##### Source information #####
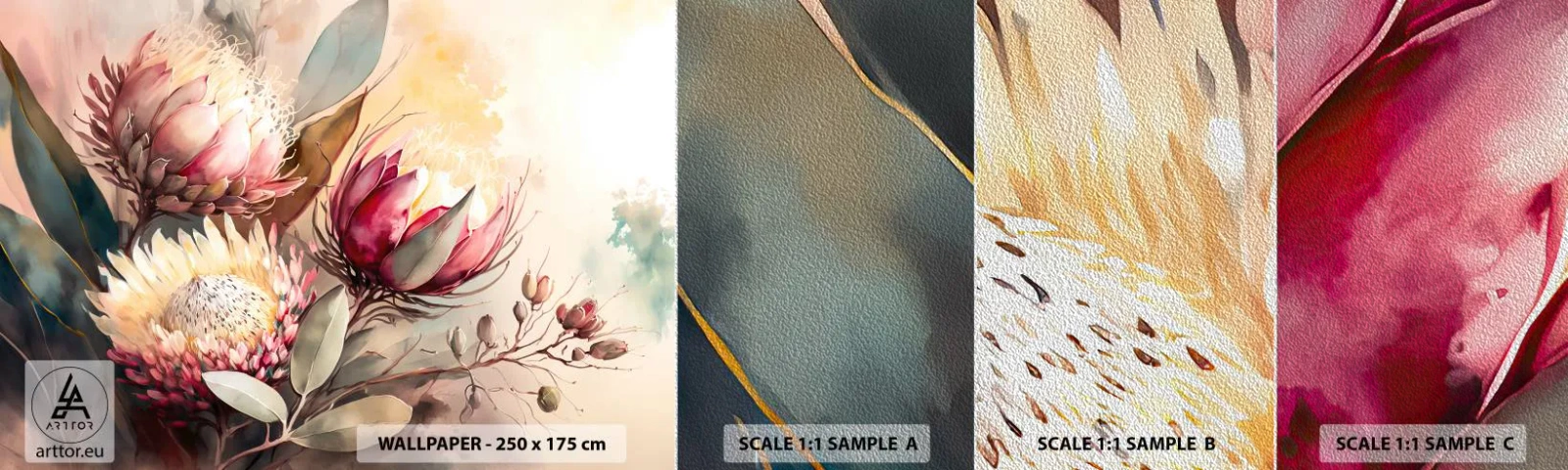 Prøve Fototapet Premium Sand - I profil og en face - Blomster, Art Deco, Botanik - 100x30 cm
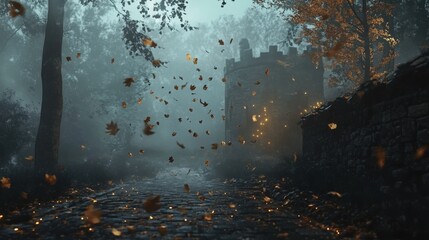 A mystical autumn scene with swirling leaves and glowing lights near an ancient stone castle.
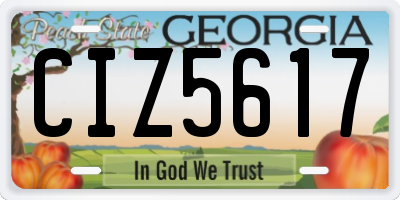 GA license plate CIZ5617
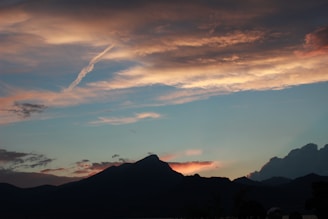 A serene landscape featuring mountains and a tranquil sky at sunset.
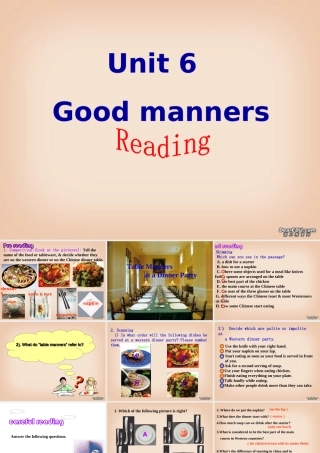 高一英语Unit6 Good manners reading 新课标 人教版 课件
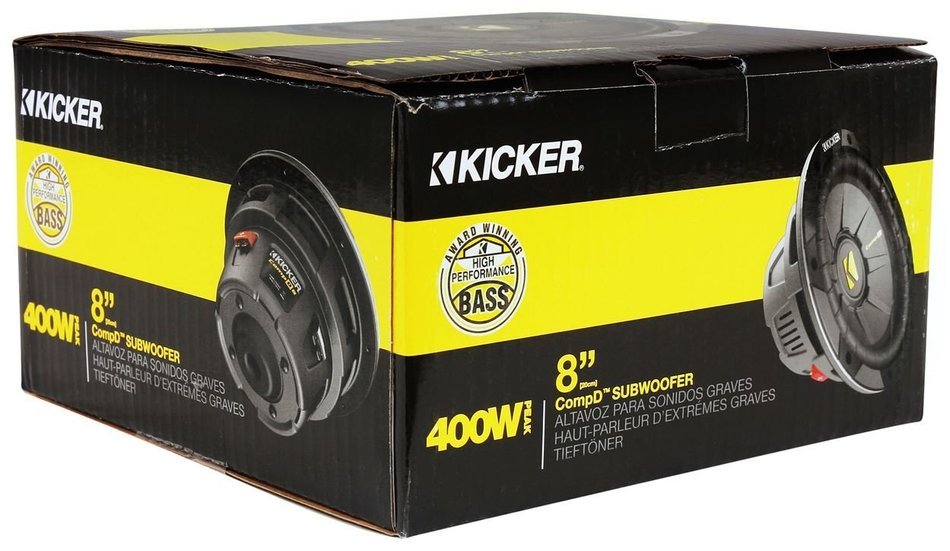 Kicker 40CWD84 CompD 8" 400W 4-Ohm DVC Car Audio Subwoofer+Sealed Sub Enclosure N6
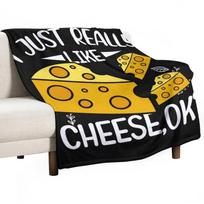 I Just Really Like Cheese OK Funny Cheese Lover Quotes Gift Throw Blanket Quilt Blanket Furry Blankets Size: 75*100cm, Weight: 230 GSM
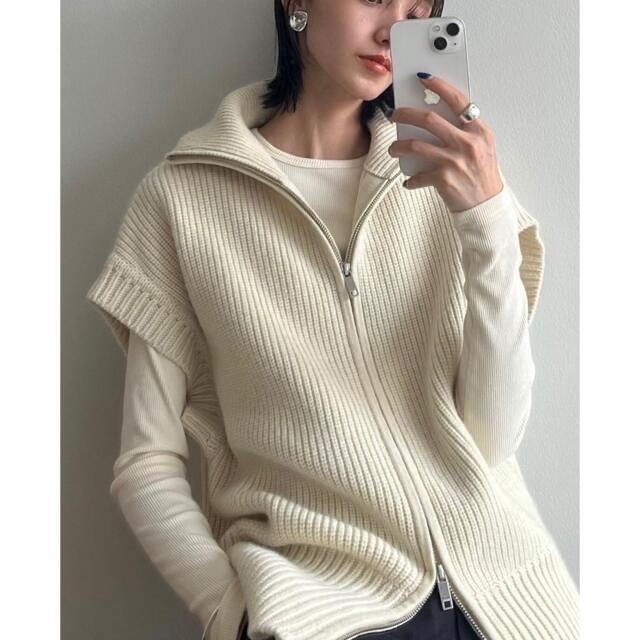 新品タグ付き♡CLANE ZIP COLLAR KNIT VEST クラネ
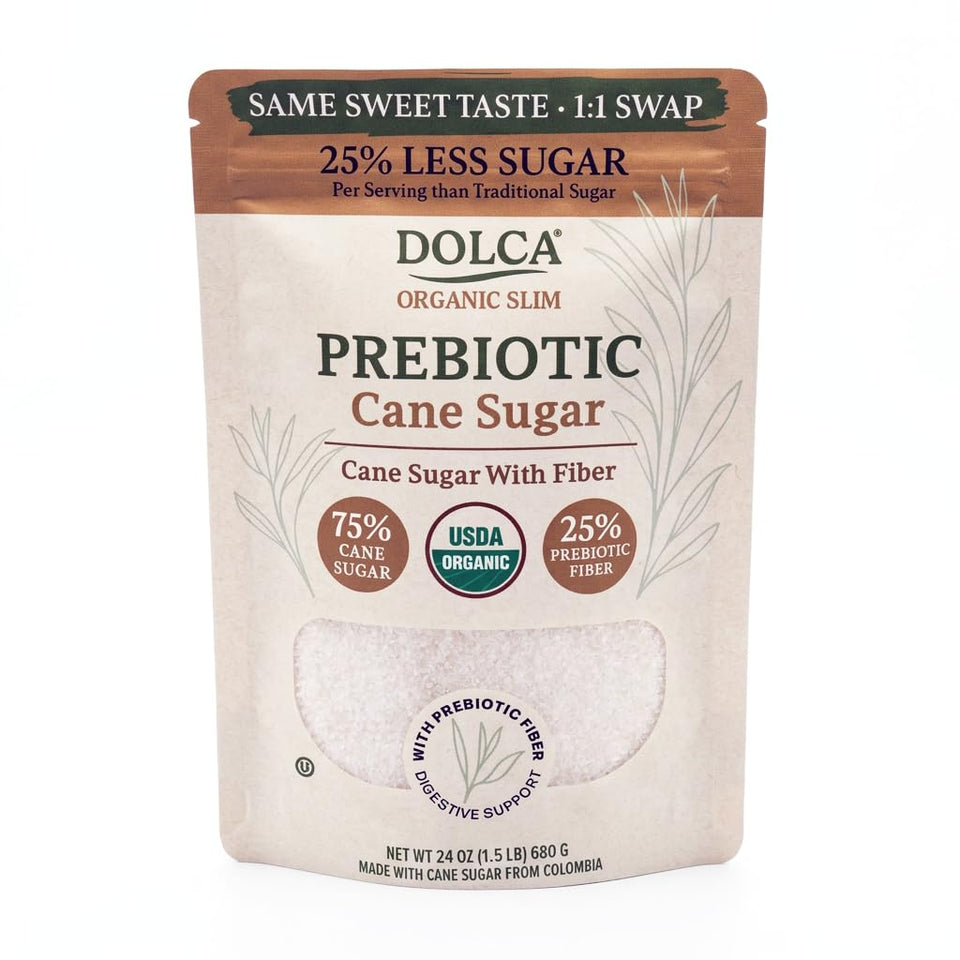Dolca Slim bottle label showcases organic cane sugar with prebiotic fiber for daily sweetness.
#####
Work required: Among the entries above, take the line with "GA license plate CIZ5617", the line with "Kicker 40CWD84 CompD", and all the lines between them, and restate them word for word without pictures.

Exercise response:
 GA license plate CIZ5617
 A serene landscape featuring mountains and a tranquil sky at sunset.
 高一英语Unit6 Good manners reading 新课标 人教版 课件
 Kicker 40CWD84 CompD 8" 400W 4-Ohm DVC Car Audio Subwoofer+Sealed Sub Enclosure N6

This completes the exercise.